Author Nathan Go. Photo: Macmillan

Go is a talented, skillful writer. His ability to both describe and convey the complexities of politics and family in the Philippines is impressive. For those who don’t know about the long relationship between the US and Philippines, Lito offers his son some context: “Many forget we were once an American colony — your colony.” Lito offers up opinions about his son’s home country, observing that America is “a liberator from the problems it created in the first place” and “America is a type of synecdoche. It is a few individuals who take it upon themselves to stand in for the views of everybody, sometimes accurately, but usually inaccurately.” From his wise perspective as a Filipino looking at the US, Lito warns, “What has happened here could happen there and anywhere else.” As a Filipino who grew up in the US, I marveled at moments of intimacy such as when Lito’s caretaker says, “we have to be careful with our heart” and explains it as “using this quaint third-person-plural construction in Tagalog.” Go masterfully shows the tension between the individual versus the communal through moments of distance and closeness between characters.

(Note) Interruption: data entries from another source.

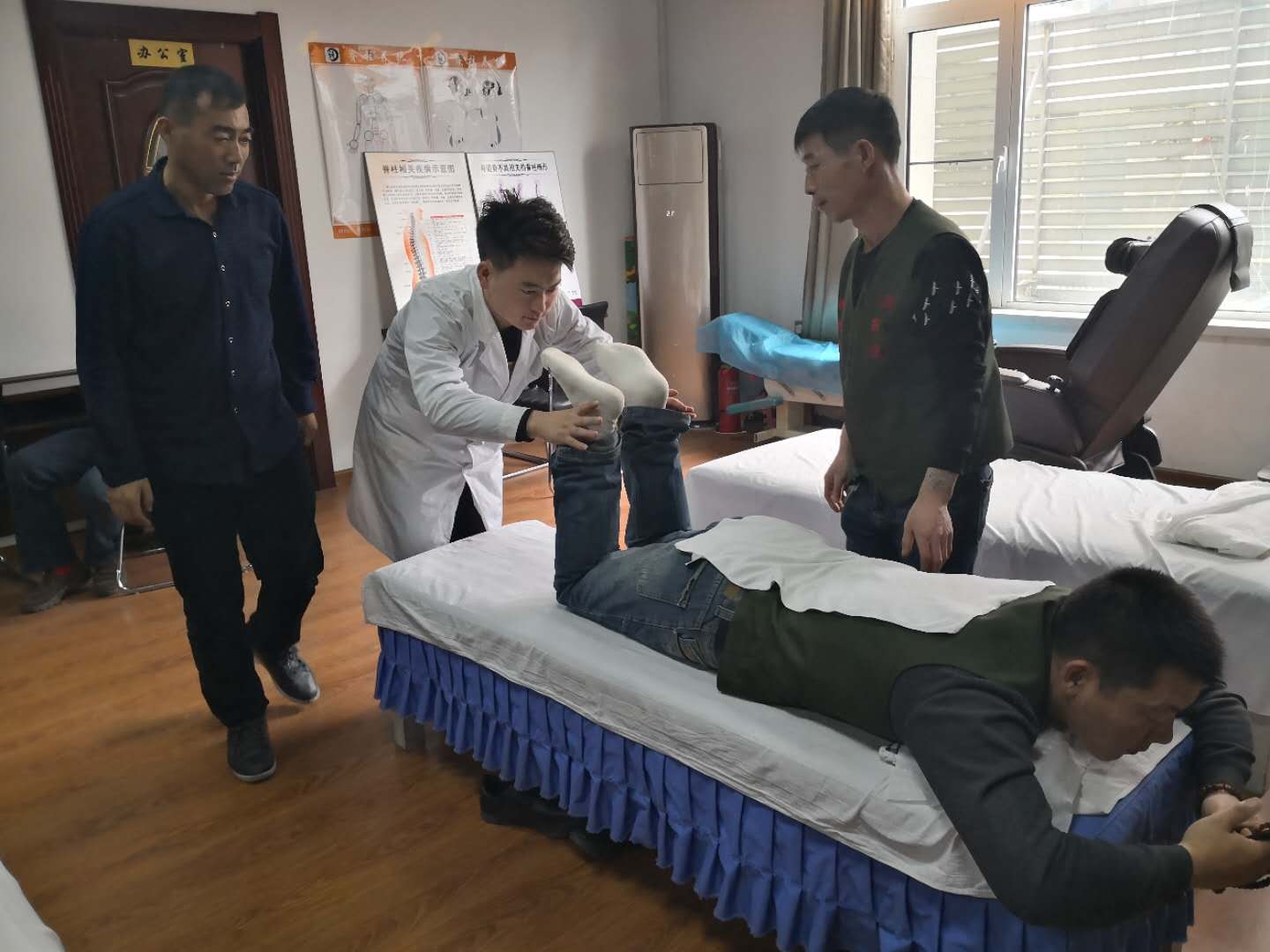 沈阳金辉脊柱_金辉脊柱_沈阳腰脱治疗_沈阳颈肩痛_沈阳整脊培训_沈阳疑难病巧治_沈阳正骨培训_沈阳颈肩病治疗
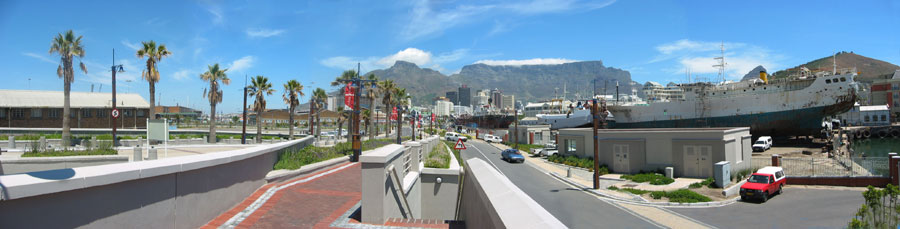 Blick von der Waterfront auf den Tafelberg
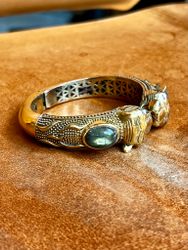 TIGRAR MED LABRADORIT ARMBAND I MÄSSING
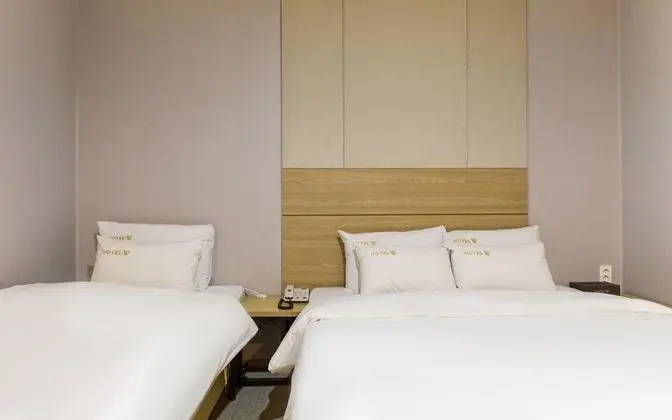 Oda (Deluxe A (Twin Bathtub PC))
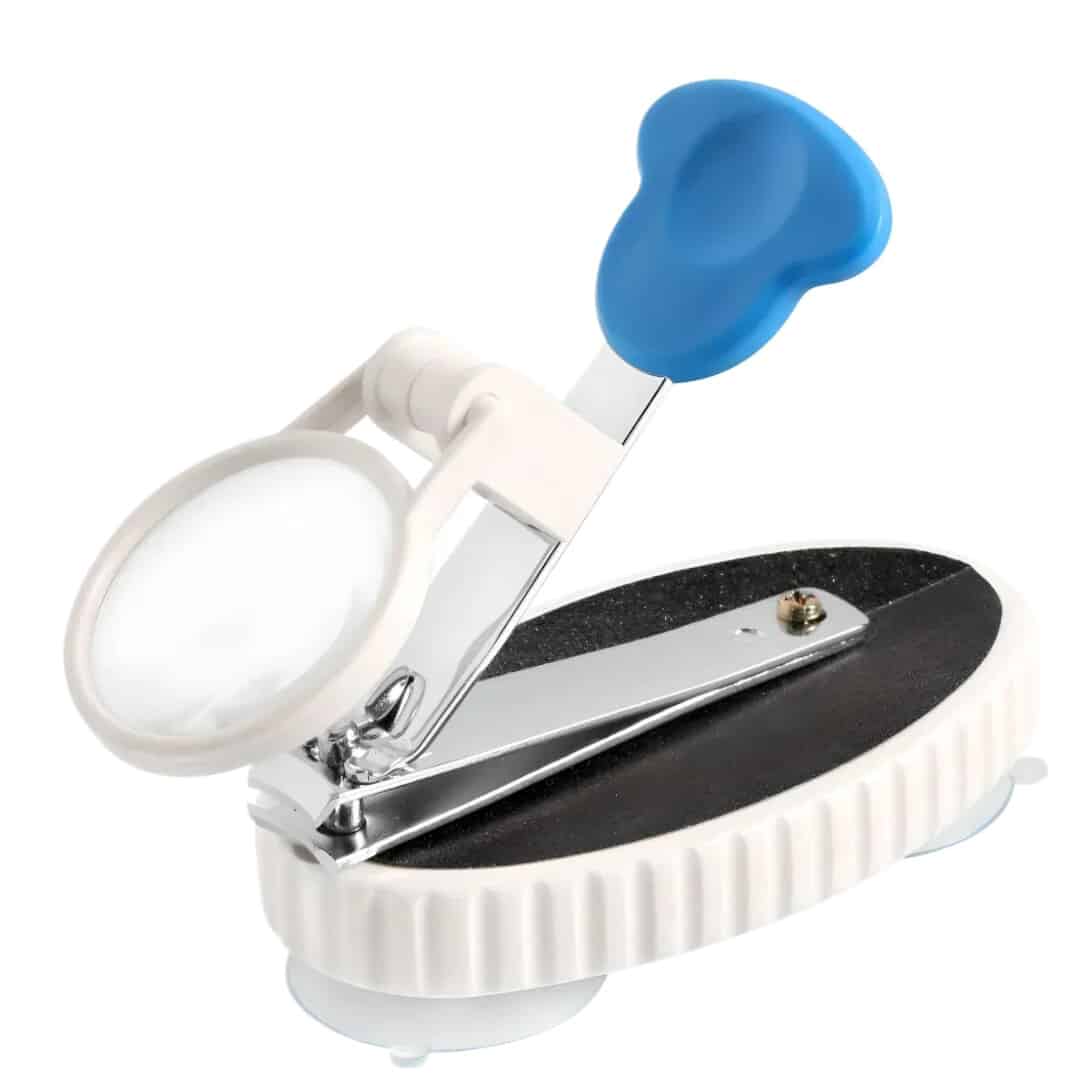 nagelklippare med förstoringsglas. a white and blue device with a blue handle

Despite this being an alternative history that includes a meeting that never took place, I was curious about whether the author was trying to play metafictional games when he deviated from the facts. For example, Benigno Aquino was assassinated in August. Yet Lito insists that the date was in “late May, I remember — because that’s also your birth month — and I was visiting my own father up north.” I thought of that cliché about how to lie effectively — throw in just enough factually accurate detail to make the lie seem like the truth. Is Go suggesting that Lito is an unreliable narrator? Or is this the author’s reminder to the reader that this is all a lie, a fiction?

Such headscratchers do not get in the way of enjoying the narrative. Forgiving Imelda Marcos is in the tradition of the best American road trip stories; and yet the novel feels so Filipino. With confidence and imagination, Go takes us on a gripping journey of a father telling the stories of his past as a way to reach into a future where his son might understand and forgive him. Sometimes all we have to offer each other are stories, and Go dares us not only to forgive, but to offer more than silence while a person is still with us, before all they are is story. Lito’s longing to connect with his son is the tough but heartbreaking thread that holds the various strands of this story together. The result is an entertaining, emotionally resonant novel that raises provocative questions about forgiveness, redemption, and love.


Grace Talusan was born in the Philippines and raised outside of Boston, where she currently lives. She is the author of The Body Papers, which won the Restless Books Prize for New Immigrant Writing and the Massachusetts Book Award in Nonfiction. Her writing has been supported by the NEA, the Fulbright, US Artists, the Brother Thomas Fund, and the Massachusetts Cultural Council. She teaches in the Nonfiction Writing Program at Brown University.